Anche in questo genere, Sergio Bonelli amava gli sconfitti. Per lui, ogni guerra non ha mai avuto nulla di eroico, ma somiglia a un grande macello di esseri umani, spinti alla morte da superiori incapaci o desiderosi soltanto della dannata decorazione al valor militare (altrui, naturalmente).

Kirk Douglas in
Kirk Douglas in Orizzonti di Gloria.

Lo dimostrano i suoi titoli del cuore: I forzati della gloria (1945) di William A. Wellman; Prima linea (Attack!) (1956) e Non è più tempo di eroi (1970), entrambi firmati da Robert Aldrich; Orizzonti di gloria (1957) di Stanley Kubrick; La croce di ferro (1977) dell’amato Sam Peckinpah, veri e proprio pugni nello stomaco in grado di mettere k.o. qualsiasi guerrafondaio.

E poi c’erano i film dedicati agli antieroi della Legione Straniera: Beau Geste (1939) di William A. Wellman, La Bandera – Marcia o muori (1977) di Dick Richards e I dieci della legione (1951) di Willis Goldbeck.
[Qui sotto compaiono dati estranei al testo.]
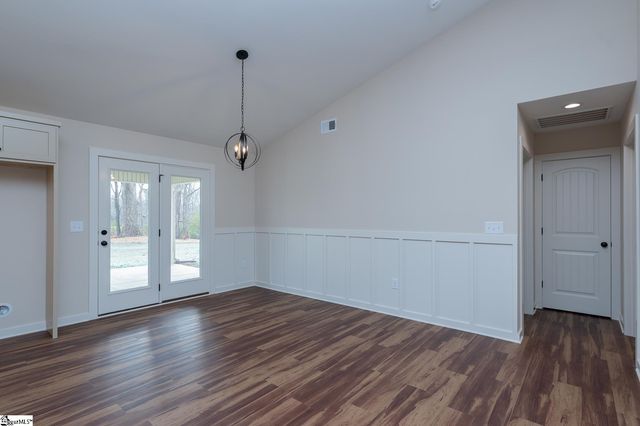 79 Simpson Creek Road, Laurens, SC 29360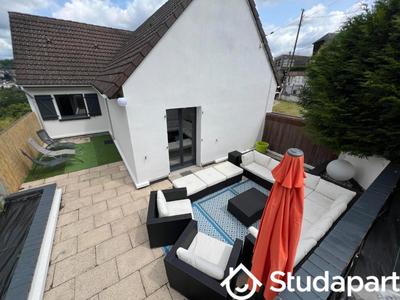 Chambre - 12 m² - 1 pièce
Anche la guerra Anglo-Zulu in Sudafrica lo affascinava, per merito di colossal come Zulu (1964) di Cy Endfield, ricostruzione quasi giornalistica dell’assedio di Rorke’s Drift, dove centocinquanta soldati inglesi tennero testa a un accerchiamento messo in atto da cinquemila guerrieri Zulu, seguìto da Zulu Dawn (1979) di Douglas Hickox, scritto dallo stesso Cy Endfield, in cui viene narrata la sonora sconfitta subìta dai soldati di Sua Maestà Britannica nella battaglia di Isandlwana, combattuta nel 1879.